There are offenders on both sides of the coin. It's funny that everyone knows who the offenders are locally, but nothing changes. I clean up some people's screw up weekly - at time it seems daily. I have two referring providers who only send recurrent disease - they have told me that they get the first crack at it and I can clean up whatever is left. I have one who will treat with either local destruction, superficial xrt, or simple excision before they consider Mohs. Then there is the group across town who does Mohs on every little "ak with possible micro invasion" BS read they get - depending upon their in office xrt scheduling, of course.

Truthfully, when it comes down to it, one group does more measurable harm than the other... and it's not the Mohs group.


Sent from my iPhone using SDN mobile
 
  • Like
Reactions: 1 user
Truthfully, when it comes down to it, one group does more measurable harm than the other... and it's not the Mohs group.


Sent from my iPhone using SDN mobile

You certainly have some valid points although I'm not totally sure I totally agree. It sounds to me like you have some selection bias in that your mohs practice sounds pretty atypical - doing tons (majority?) of large highly aggressive cases that really should have been sent to mohs in the first place.

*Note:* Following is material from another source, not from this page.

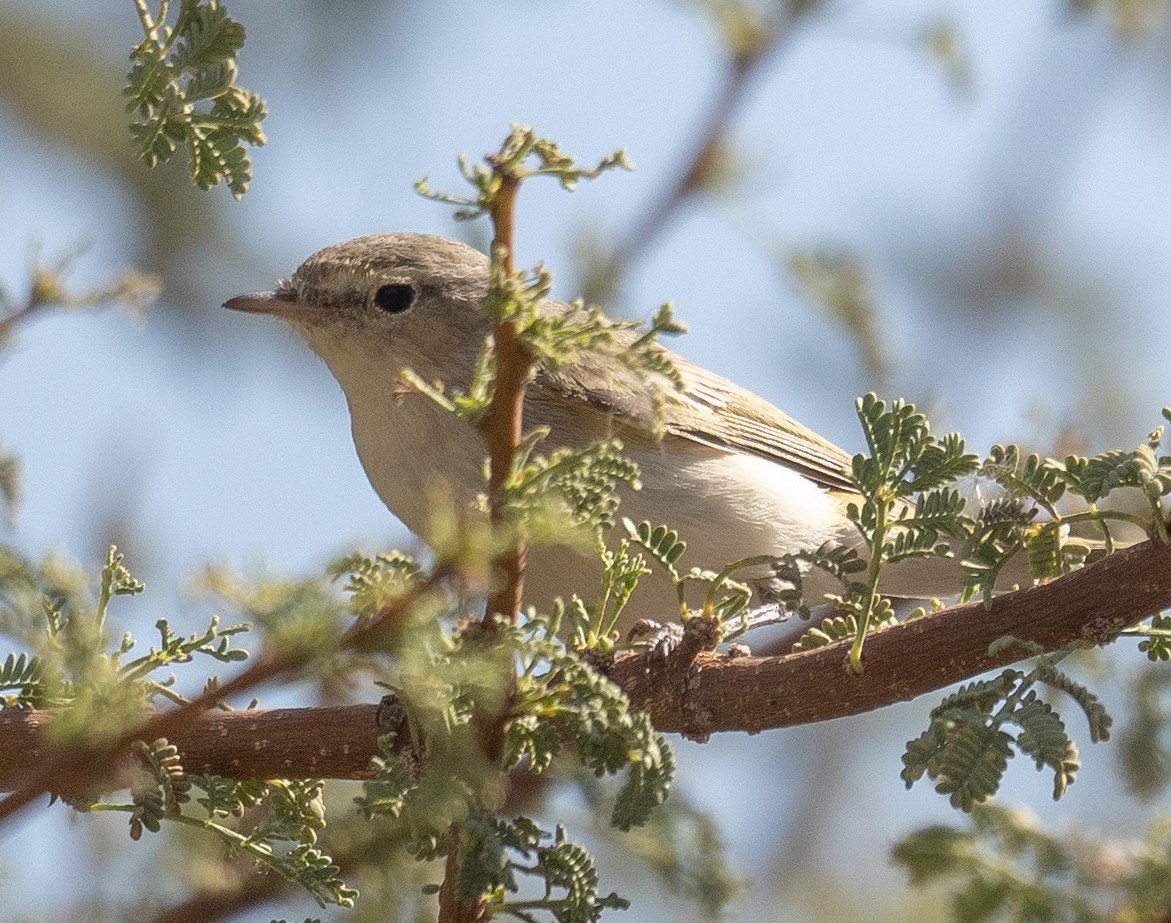 Eastern Bonelli's Warbler - ML639800675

At least in the 2 states/locations I've practiced in the typical mohs practice, 80% cases are those that a general dermatologist could have appropriately and reasonably treated (ie small primary low-risk tumors) whereas 20% really needed mohs. And maybe this is regional but I've not met more than 1 or 2 dermatologists that are treating willy nilly with radiation and inappropriate excision/ed&c for high risk tumors (out of the many hundreds I know well).

The problem is (in my opinion) doing a high volume of mohs for low risk stuff IS probably doing harm- 1. Financial setbacks to the patients with high deductible plans. 2. Reducing access to patients that really need mohs. 3. Harming specialty image particularly to other surgical specialties who see tiny cases being done. 4. Many patients getting mohs like 5-10x or more a year get frustrated and then refuse, decline or defer getting more important things treated.

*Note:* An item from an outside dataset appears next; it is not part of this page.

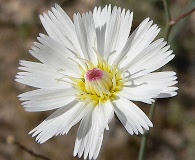 Atrichoseris platyphylla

If the number of high risk stuff NOT going to mohs was equal to the huge number of low risk stuff getting mohs then I would agree with you. However in my personal experience the latter cases are 100x more frequent than the former.

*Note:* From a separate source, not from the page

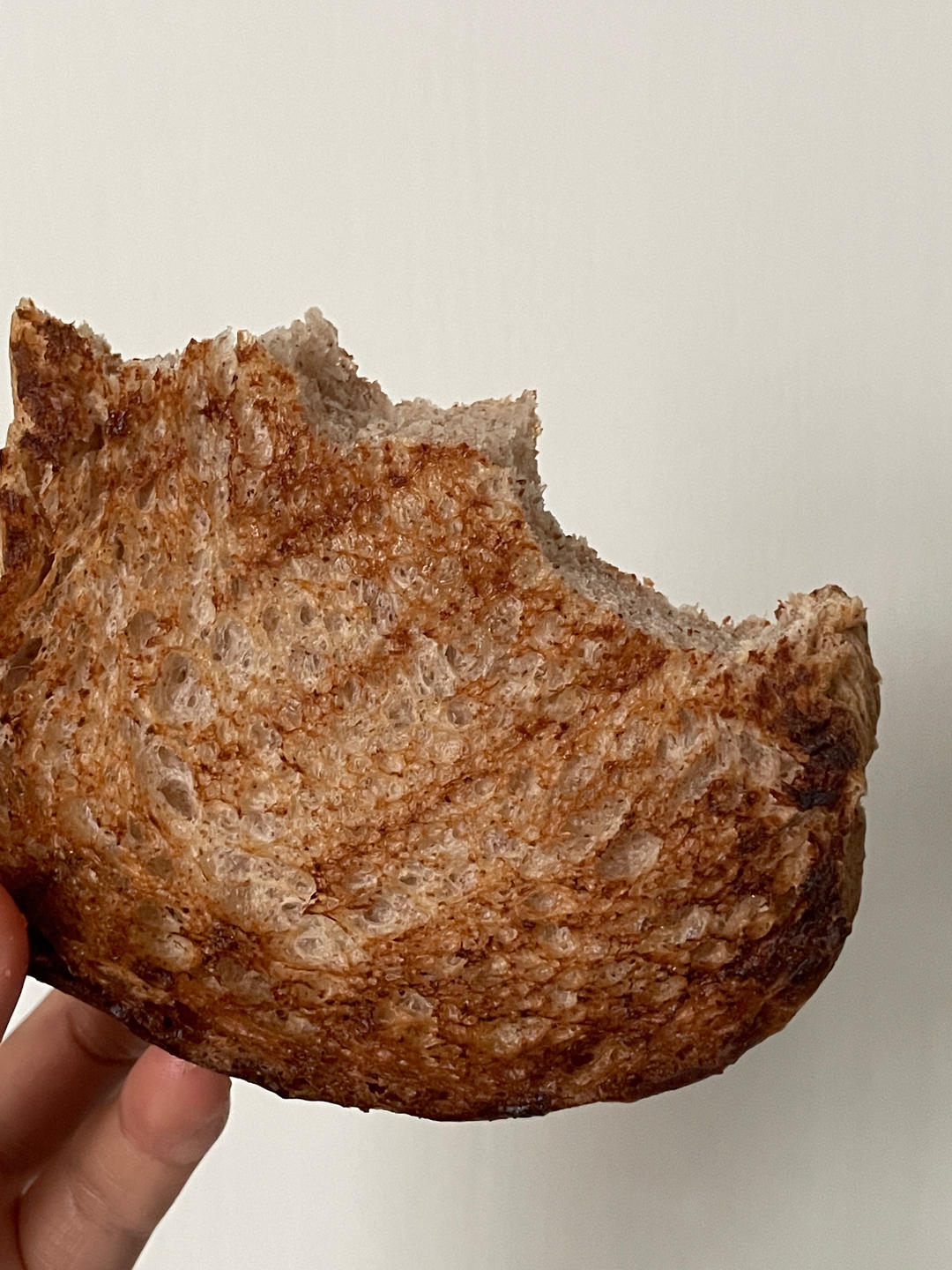 波兰种黑全麦吐司！黑全麦也可以如此柔软！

Sent from my iPhone using SDN mobile
 
  • Like
Reactions: 1 user
You certainly have some valid points although I'm not totally sure I totally agree. It sounds to me like you have some selection bias in that your mohs practice sounds pretty atypical - doing tons (majority?) of large highly aggressive cases that really should have been sent to mohs in the first place.

At least in the 2 states/locations I've practiced in the typical mohs practice, 80% cases are those that a general dermatologist could have appropriately and reasonably treated (ie small primary low-risk tumors) whereas 20% really needed mohs. And maybe this is regional but I've not met more than 1 or 2 dermatologists that are treating willy nilly with radiation and inappropriate excision/ed&c for high risk tumors (out of the many hundreds I know well).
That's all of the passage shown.